Summary of this case from United States v. AllickOpinion
NO. 3:09cr117 (MRK).
January 22, 2010
RULING AND ORDER
On May 20, 2009, Defendant Eugene Argraves was indicted on one count of a twenty-three count Indictment filed against 33 individuals on the basis of their alleged involvement in federal narcotics trafficking violations. In particular, Mr. Argraves was charged with conspiracy with intent to distribute, and to distribute, five kilograms or more of cocaine, in violation of 21 U.S.C. §§ 846 and 841(b)(1)(A)(ii). After his arrest on May 27, 2009, the Government moved to detain Mr. Argraves pending trial. Magistrate Judge Thomas Smith conducted a detention hearing on June 4, 2009, at the conclusion of which he ordered Mr. Argraves detained on the basis of his danger to the community.

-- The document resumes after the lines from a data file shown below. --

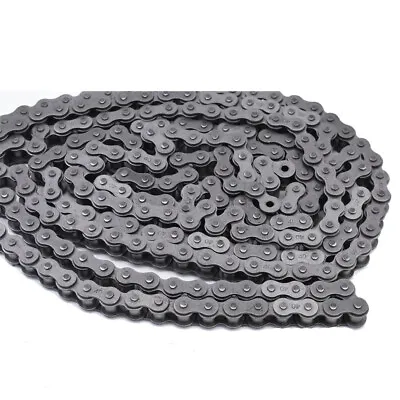 #40 08A 10 Feet Carbon Steel Roller Chain With Two Connections Links • $18.50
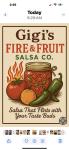 Gigis Fire & Fruit Salsa Co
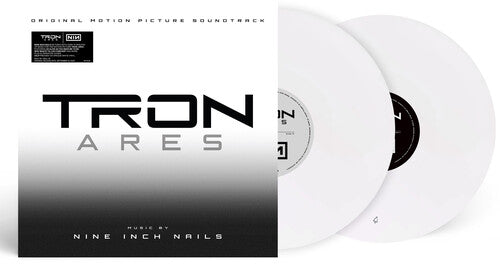 Tron: Ares (Soundtrack) [2LP White Vinyl + Exclusive Cover Art]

On June 4, 2009, Mr. Argraves filed a Motion for Revocation or Amendment of Detention Order [doc. # 236], seeking this Court's de novo review under 18 U.S.C. § 3145(b) of Magistrate Judge Smith's Order of Detention and challenging Magistrate Judge Smith's finding that the Government demonstrated by clear and convincing evidence that he should remain detained pending trial because of his dangerousness. The Court held oral argument on June 23, 2009, and shortly thereafter issued a lengthy ruling denying the motion on the grounds that Mr. Argraves presented a danger to the community and that the conditions of release proposed could not reasonably assure the safety of the community. See Ruling and Order [doc. # 336]; see also 18 U.S.C. § 3142. However, the denial was without prejudice to Mr. Argraves's right to reapply for pretrial release if he could propose additional conditions to address the Court's concerns. See Ruling and Order [doc. # 336] at 19. The Court assumes familiarity with its ruling.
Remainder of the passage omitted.